The subject is dense, almost intimidating in its complexity. Known as “the embodiment hypothesis,” it represents a radical shift in thinking about the brain and combines elements of neuroscience, artificial intelligence, psychology and philosophy in its approach.
But what the students were doing under Ghazanfar’s supervision on a golden autumn afternoon looked suspiciously like fun.
Armed with what were 577-piece Lego MINDSTORMS kits at the semester’s start, five teams of three students each were showing off the fruits of their labors — boxy and bulbous robotic creations — one by one. These pint-size machines, some called “Teddy” and “Fluffy” and others nameless, spun, cavorted and sidled up to light sources when prompted. The students, clumped in a corner of a classroom in Chancellor Green, collectively “ooh”-ed and “aah”-ed as their programmed creations worked their way over a plastic grid. They coaxed them on when they hesitated. They cheered when they met their mark.
Ghazanfar, an assistant professor of psychology and the Princeton Neuroscience Institute, quietly took it all in, making few remarks. The demonstrations — in which the freshmen had to program and build robots to respond to light — were designed to test the students’ problem-solving abilities. They also were intended to probe the students’ fledgling understanding of new concepts of how the mind adapts to a changing environment.
When they were finished, Ghazanfar shuttled the group to a seminar room deep in the confines of Firestone Library. Here he moved them through a different journey. Over the span of two hours, the students traversed a trail offering intellectual rather than physical challenges. Can machines ever be considered “intelligent” or “alive”? Is the human brain somehow special? How do our minds work, and why do we solve problems so differently from each other? They laughed, gasped, debated and drank it in as each asked a question in turn, based on readings in assigned texts.
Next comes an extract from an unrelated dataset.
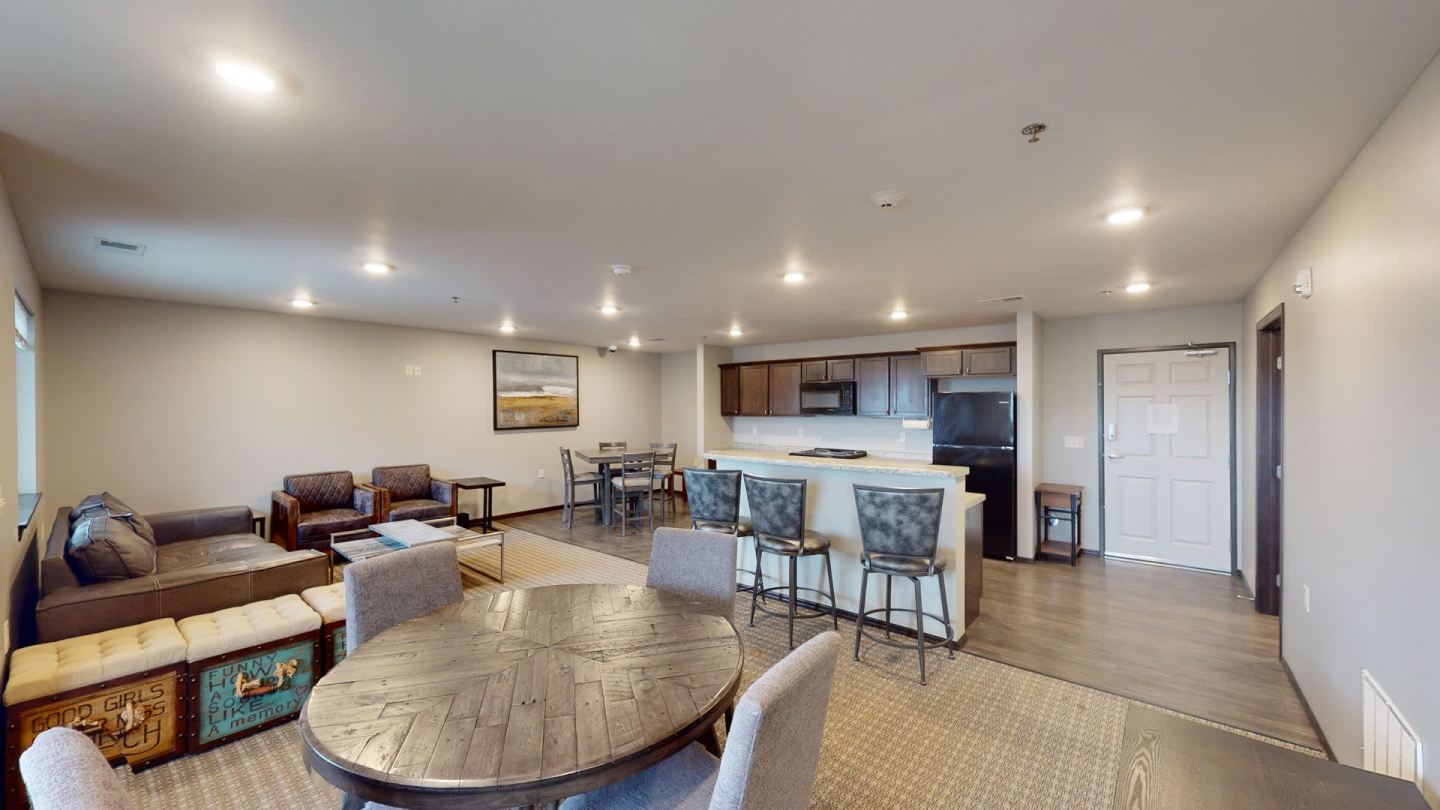 Sunset Villas Apartments Image 10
“You’re exhausted by the end of the class,” said Robert Klein, a freshman who is considering studying electrical engineering. The robot he designed with his team, which he tested in his dorm room, spoke with a British accent, saying, “Light!” and “Yes, yes, yes!” as it raced toward a lit bulb. Keeping in mind what they were reading about the interplay between the body and the mind, Klein and his team tried to keep their robot simple, modeling it on an insect brain.
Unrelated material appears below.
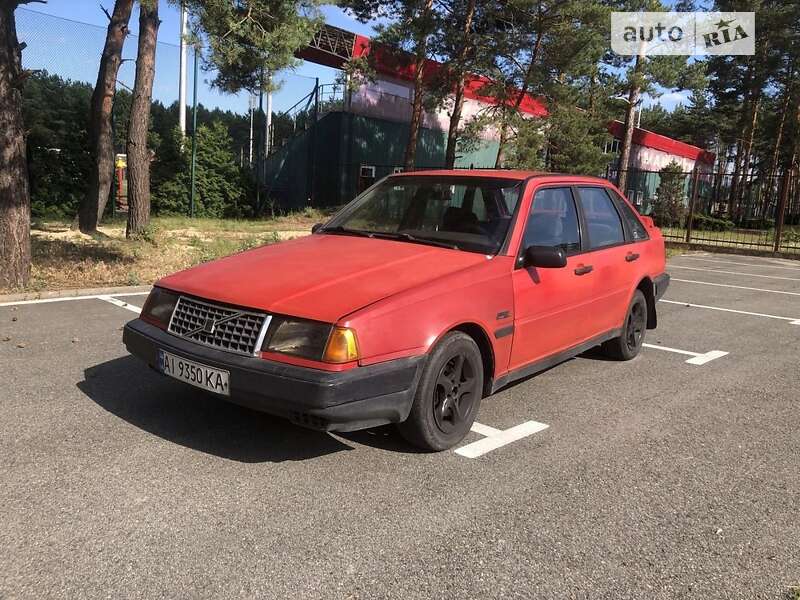 Volvo 440 (1989)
In the class, titled “How the Body Shapes the Way the Brain Works,” Ghazanfar is giving the students a new toolbox with which to view reality. Traditional ideas about how people interact with the world assume that behavior is controlled by the brain and ignore how body states — postures, emotions, fatigue — may be affecting mental processes. The new hypothesis suggests that behaviors are best explained by constant feedback among the brain, the body and the environment.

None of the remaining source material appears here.